Source data:

══════════════════════════════

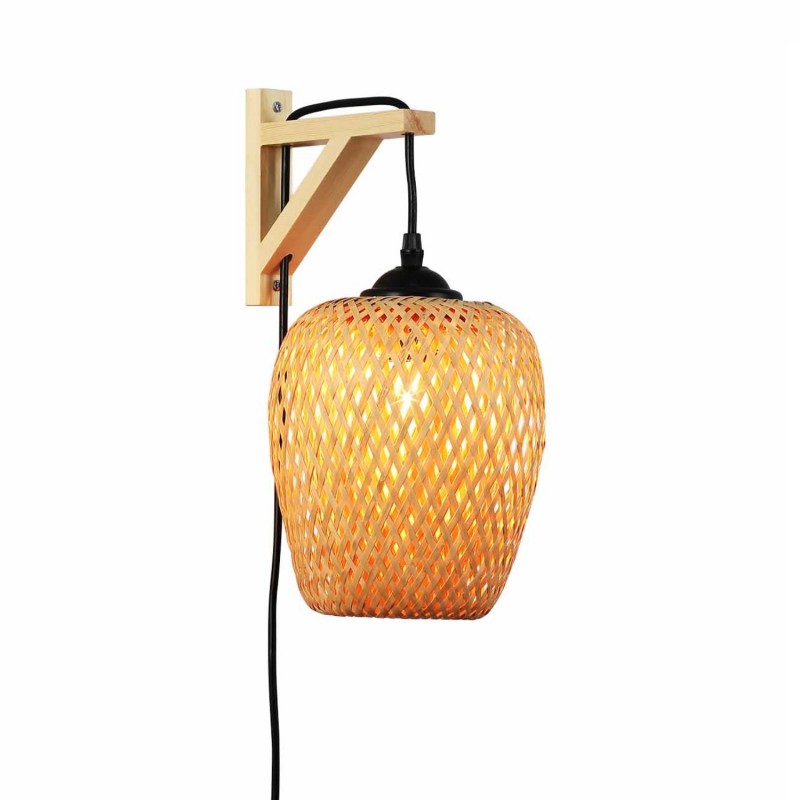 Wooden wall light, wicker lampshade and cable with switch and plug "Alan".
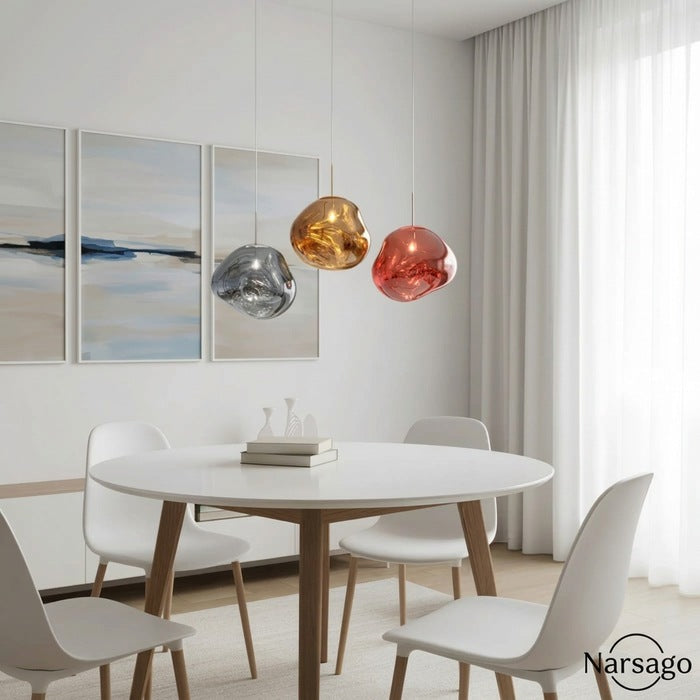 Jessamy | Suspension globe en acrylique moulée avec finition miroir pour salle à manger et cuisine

══════════════════════════════

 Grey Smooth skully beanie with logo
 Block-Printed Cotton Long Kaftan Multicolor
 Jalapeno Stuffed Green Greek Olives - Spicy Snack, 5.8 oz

══════════════════════════════

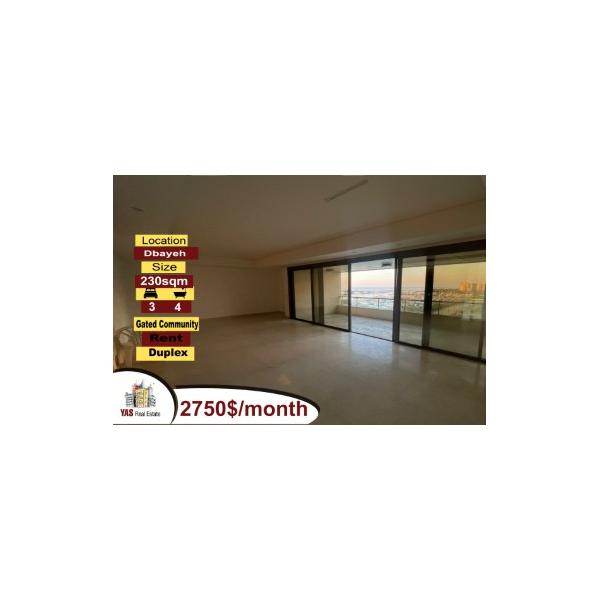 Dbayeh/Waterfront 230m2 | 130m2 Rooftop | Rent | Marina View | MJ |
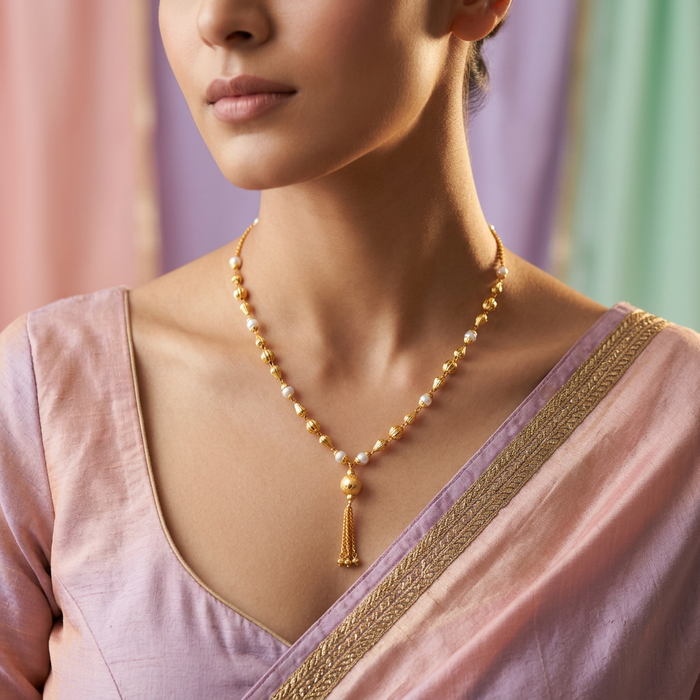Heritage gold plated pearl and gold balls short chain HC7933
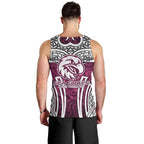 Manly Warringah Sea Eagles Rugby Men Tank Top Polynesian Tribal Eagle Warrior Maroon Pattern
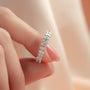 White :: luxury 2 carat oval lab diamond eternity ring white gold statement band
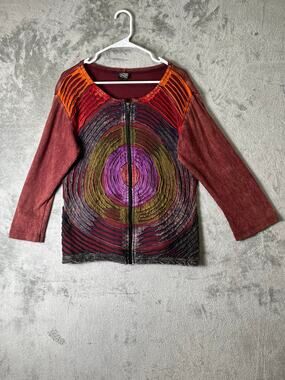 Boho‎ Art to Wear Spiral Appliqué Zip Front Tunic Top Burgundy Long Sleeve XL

══════════════════════════════

The problem: Take the records above and return, word for word, only the lines that fall from the line with "Grey Smooth skully beanie with logo" to the line with "Jalapeno Stuffed Green", both of them included.

Task answer:
 Grey Smooth skully beanie with logo
 Block-Printed Cotton Long Kaftan Multicolor
 Jalapeno Stuffed Green Greek Olives - Spicy Snack, 5.8 oz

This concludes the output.